The courts in South Africa are becoming tough on people accused of committing racist acts in the country which emerged from decades of racial segregation known as apartheid in 1994.
On Wednesday a magistrate’s court in Johannesburg sentenced a former estate agent to three years imprisonment, with one year suspended, for racially abusing black police officers.
In a video circulated on social media in 2016, Vicky Momberg, 49, was caught racially insulting black police officers who had come to her rescue after criminals smashed her car window.
Instead of cooperating with the officers she insulted them with derogatory words. Momberg is seen in the video complaining about black people.
Magistrate Pravina Rugoonandan said the Momberg had been found guilty of four counts of crimen injuria, which refers to injuring ones dignity through racial insults.
Rugoonandan said the sentence should serve as a warning to others.
However, Andre Duvenhage, a political science Professor at South Africa’s North-West University, said he feels there is inconsistency in the courts when it comes to convicting black racists.
“We have people like Julius Malema (Economic Freedom Fighters party) leader who calls for killing of white farmers but he is not sentenced for that,” he told Anadolu Agency via telephone.
He claimed the courts were tough on whites who transgress on racism but black racists were treated leniently. “There should be consistency on how court handles this issue,” Duvenhage added.
Racist actions and utterances are becoming common in South Africa two decades after the end of white minority rule.
Last year, a court sentenced two white farmers to 11 and 14 years in jail respectively, for attempting to force a black man into a coffin. Their actions were reportedly seen to have racial connotations.
Willem Oosthuizen and Theo Jackson had forced Victor Mlotshwa, 27, into a coffin and threatened to set it on fire after he trespassed on their land in the northeastern Mpumalanga province.
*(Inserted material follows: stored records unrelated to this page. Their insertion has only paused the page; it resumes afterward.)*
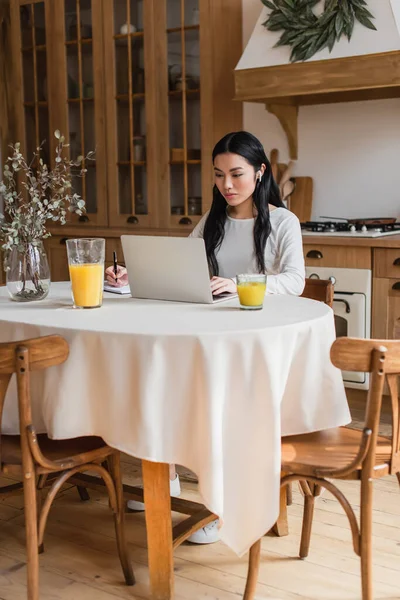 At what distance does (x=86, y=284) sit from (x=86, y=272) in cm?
3

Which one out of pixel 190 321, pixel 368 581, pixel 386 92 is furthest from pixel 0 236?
pixel 386 92

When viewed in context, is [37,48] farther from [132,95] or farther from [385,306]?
[385,306]

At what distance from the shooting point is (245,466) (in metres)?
1.78

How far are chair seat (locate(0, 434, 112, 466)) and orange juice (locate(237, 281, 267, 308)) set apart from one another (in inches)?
20.8

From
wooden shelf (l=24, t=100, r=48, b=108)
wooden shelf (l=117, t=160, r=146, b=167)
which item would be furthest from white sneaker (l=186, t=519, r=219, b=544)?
wooden shelf (l=24, t=100, r=48, b=108)

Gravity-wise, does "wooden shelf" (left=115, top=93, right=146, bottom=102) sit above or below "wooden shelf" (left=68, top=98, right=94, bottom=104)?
below

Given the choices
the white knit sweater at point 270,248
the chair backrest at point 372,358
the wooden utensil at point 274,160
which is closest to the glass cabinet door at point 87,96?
the wooden utensil at point 274,160

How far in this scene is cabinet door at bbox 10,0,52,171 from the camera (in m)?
4.77

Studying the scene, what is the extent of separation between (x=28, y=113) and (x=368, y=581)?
401 cm

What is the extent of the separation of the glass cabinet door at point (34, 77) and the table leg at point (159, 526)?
330 cm

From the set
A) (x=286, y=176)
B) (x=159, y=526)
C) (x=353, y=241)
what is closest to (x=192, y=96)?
(x=286, y=176)

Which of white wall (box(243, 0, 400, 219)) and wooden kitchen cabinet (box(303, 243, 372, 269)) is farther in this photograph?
white wall (box(243, 0, 400, 219))

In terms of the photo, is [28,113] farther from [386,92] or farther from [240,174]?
[240,174]

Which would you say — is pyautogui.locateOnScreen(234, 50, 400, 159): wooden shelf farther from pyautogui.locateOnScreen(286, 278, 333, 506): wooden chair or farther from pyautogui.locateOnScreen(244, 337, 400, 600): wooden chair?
pyautogui.locateOnScreen(244, 337, 400, 600): wooden chair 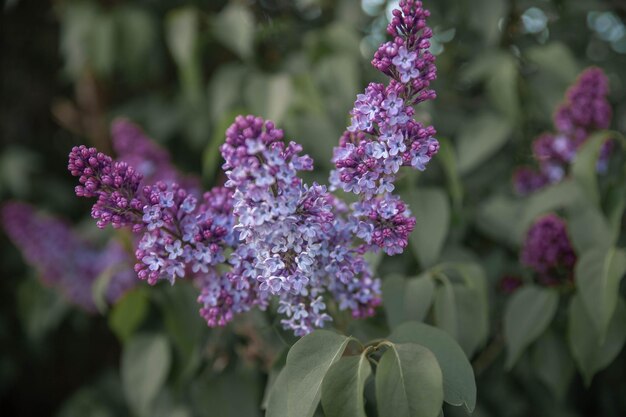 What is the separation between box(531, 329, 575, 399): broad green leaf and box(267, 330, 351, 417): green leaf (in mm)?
769

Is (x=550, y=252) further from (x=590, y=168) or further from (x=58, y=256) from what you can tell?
(x=58, y=256)

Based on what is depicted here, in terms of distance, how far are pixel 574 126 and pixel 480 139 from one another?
0.26 metres

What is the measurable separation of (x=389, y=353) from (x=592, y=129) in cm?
100

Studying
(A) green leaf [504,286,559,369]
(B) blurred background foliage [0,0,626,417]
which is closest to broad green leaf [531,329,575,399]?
(B) blurred background foliage [0,0,626,417]

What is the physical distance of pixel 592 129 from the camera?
1.63 m

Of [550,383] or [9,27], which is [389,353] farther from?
[9,27]

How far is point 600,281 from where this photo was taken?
124 centimetres

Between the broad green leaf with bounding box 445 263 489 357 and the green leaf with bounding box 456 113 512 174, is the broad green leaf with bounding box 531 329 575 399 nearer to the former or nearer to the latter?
the broad green leaf with bounding box 445 263 489 357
The duo were convicted of attempted murder, kidnapping, intimidation and assault with intent to cause grievous bodily harm.
The farmers denied the charges, saying they had only intended to frighten their victims.
The video footage of the incident posted online caused nationwide outrage bringing back bitter memories of the apartheid system, in which black South Africans were oppressed for decades because of their race.
In January 2016, Penny Sparrow, a former estate agent of the eastern KwaZulu-Natal province, compared black South Africans to monkeys in a Facebook post.
Sparrow made the remarks accusing blacks of allegedly littering a Durban beach on New Year’s Day.
Durban businessman Justin Van Vuuren also followed Sparrow’s footsteps weeks later describing blacks as animals in a Facebook post.
Their comments generated condemnations across the country. Sparrow was later fined 150,000 rand ($12,837).
A week later, a black government employee Velaphi Khumalo was suspended after posting on Facebook that black South Africans should do what “Hitler did to the Jews” and cleanse the country of white people.
Former President Jacob Zuma at the time said the racist comments made it clear that there were people who still yearned for the past regime of apartheid.
“The struggle against apartheid was a struggle against racism, which is the notion that one group of people is better than others, and is superior to others simply because of their skin color,” he said.